The economic driver’s seat
As health inequities mount, hospitals step up economic development initiatives
Large healthcare organizations around the country are stepping up their efforts to reduce socio-economic, racial and ethnic disparities in health outcomes in their communities. Leaders recognize that far more than clinical care, socio-economic factors largely determine people’s health and well-being. So progressive-thinking executives like former Kaiser Permanente chairman and CEO Bernard Tyson, who died in November, have spearheaded investments and partnerships in affordable housing, job-creating economic development, education, nutrition, healthy behaviors, and other social determinants of health.
“People think what these communities need is charity,” said Dr. David Ansell, senior vice president for community health equity at Rush University Medical Center in Chicago. “No. What they need are jobs.”
In early November, 14 of the country’s largest hospital systems pledged to invest more than $700 million over five years in community-based initiatives to address economic revitalization, housing instability and food insecurity. That effort is being coordinated by the Democracy Collaborative’s Healthcare Anchor Network, which now includes 46 health systems.
Also in November, Rush revamped its supply chain operations to focus on its mission as a community anchor institution, helping build wealth and well-being in the surrounding low-income, minority communities on Chicago’s West Side. Life expectancy in those neighborhoods is 16 years shorter than in the nearby downtown area.
One of the root causes of the life expectancy gap is the loss of good-paying jobs, and Rush intends to tackle that, Ansell said.
What Rush does “has to be good for our patients, good for business, and good for the community,” he said.
“If we thread those needs, we could do something great.”
Working with its new supply chain partner, Concordance Health, Rush’s latest economic development plan is to rebuild a warehouse distribution facility on the West Side and commit to hiring the majority of workers from those neighborhoods. The old facility was outdated and slated for closure. Renovating it will spare the jobs of 30 to 40 people, with the potential for hiring 80 more.
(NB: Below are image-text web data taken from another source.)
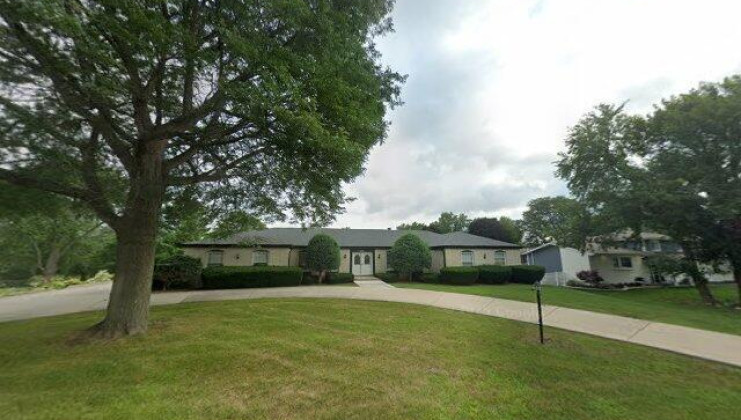 130 e niagara ave., schaumburg, il 60193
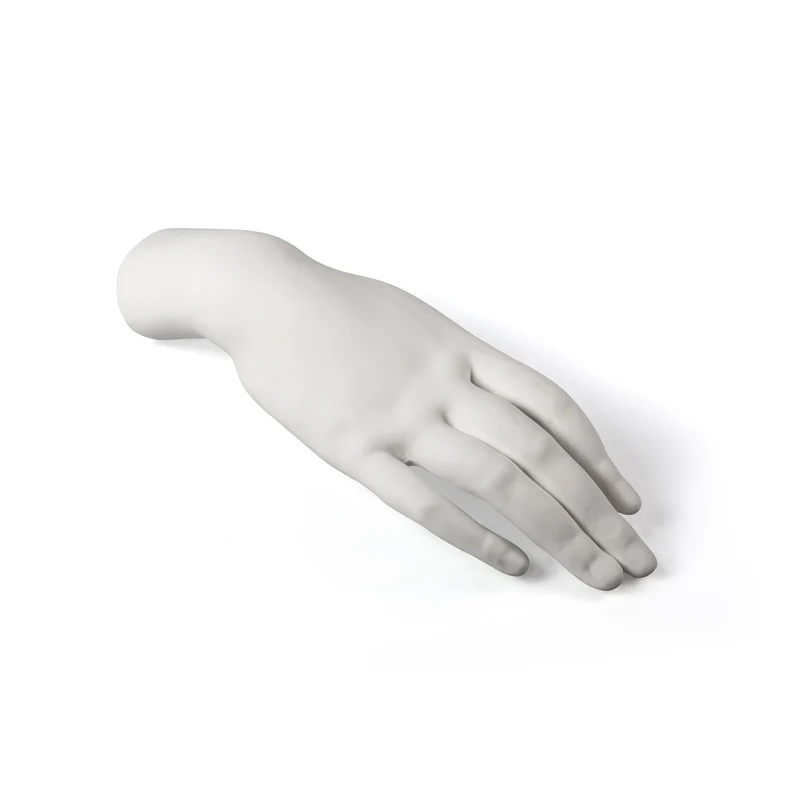 Seletti Memorabilia Mvsevm Woman Hand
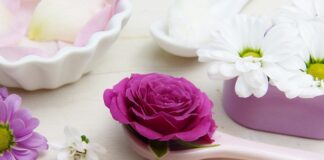 Ile kosztuje zabieg zmiany płci?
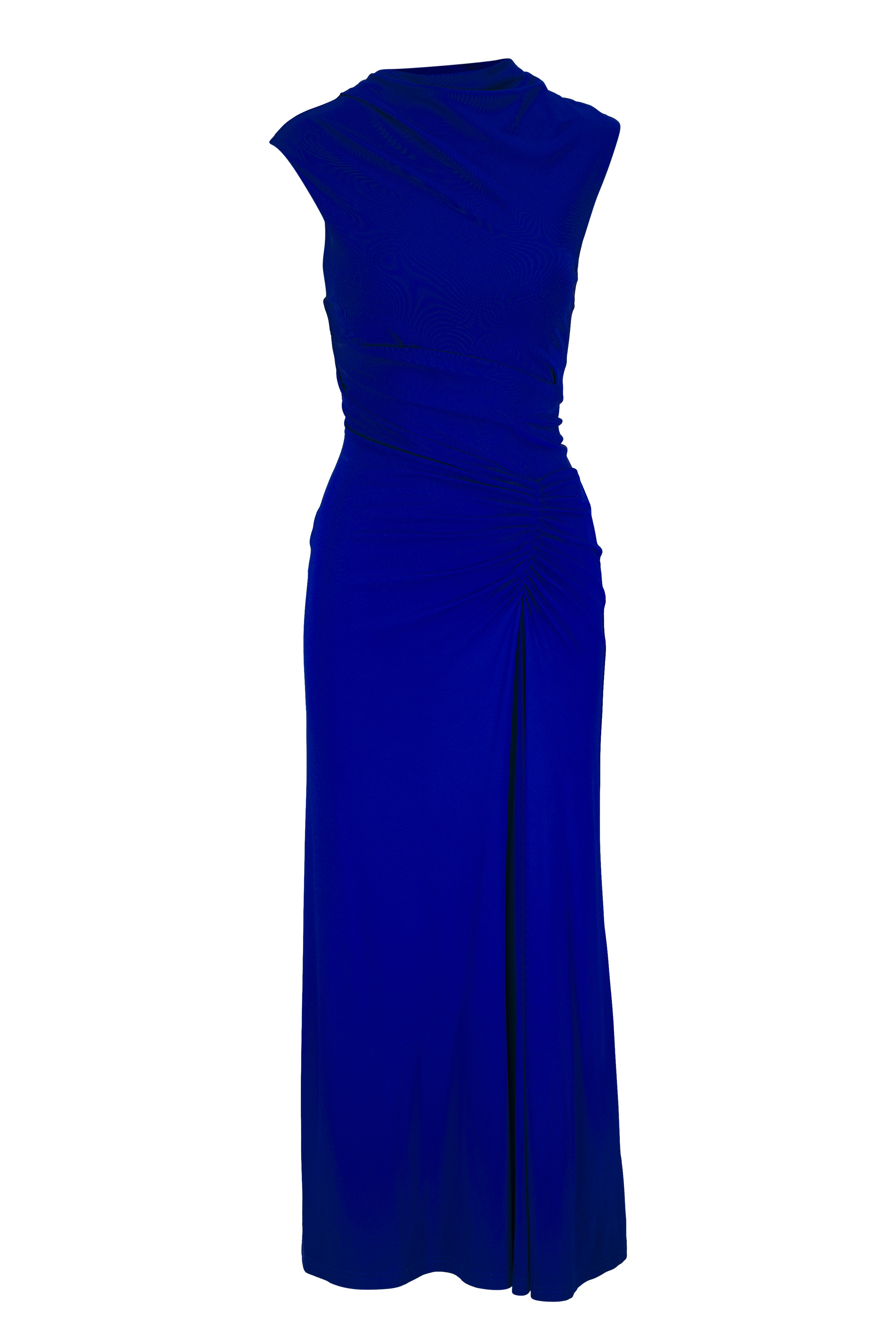 black tux dress for women Tuxedo Mini she’s our original oversized 50MDW Claude Cut Out Side Size:E (12-14)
Rush also is working with Lurie Children’s Hospital, Amita Health, Cook County Health, Sinai Health System and the University of Illinois Hospital to increase hospital hiring from the surrounding neighborhoods. In addition, the group, called West Side United, is expanding local sourcing of supplies and services, supporting small-business development, and connecting local high school and college students to pre-professional experiences.
Cleveland hospitals also are actively addressing these social determinants of health. Modern Healthcare recently visited that city to report on promising initiatives by Cleveland Clinic and MetroHealth in the areas of economic development, education and job training. Modern Healthcare also hosted an event there centered on social determinants of health.
The three following stories show how those health systems have partnered with other organizations to develop projects that help their surrounding communities as well as their own business interests. In two of those initiatives, the hospitals leveraged supply chain purchasing decisions to advance social goals. Still, it remains to be seen if healthcare organizations have the savvy, resources and commitment required to bend the arc toward greater economic equity and better health.
“Some of us believe there’s no one left to deal with social determinants of health because society and government have failed to deal with it, business has failed and nonprofits have been ineffective,” said Dr. Akram Boutros, MetroHealth’s CEO. “We feel we must give it a try.”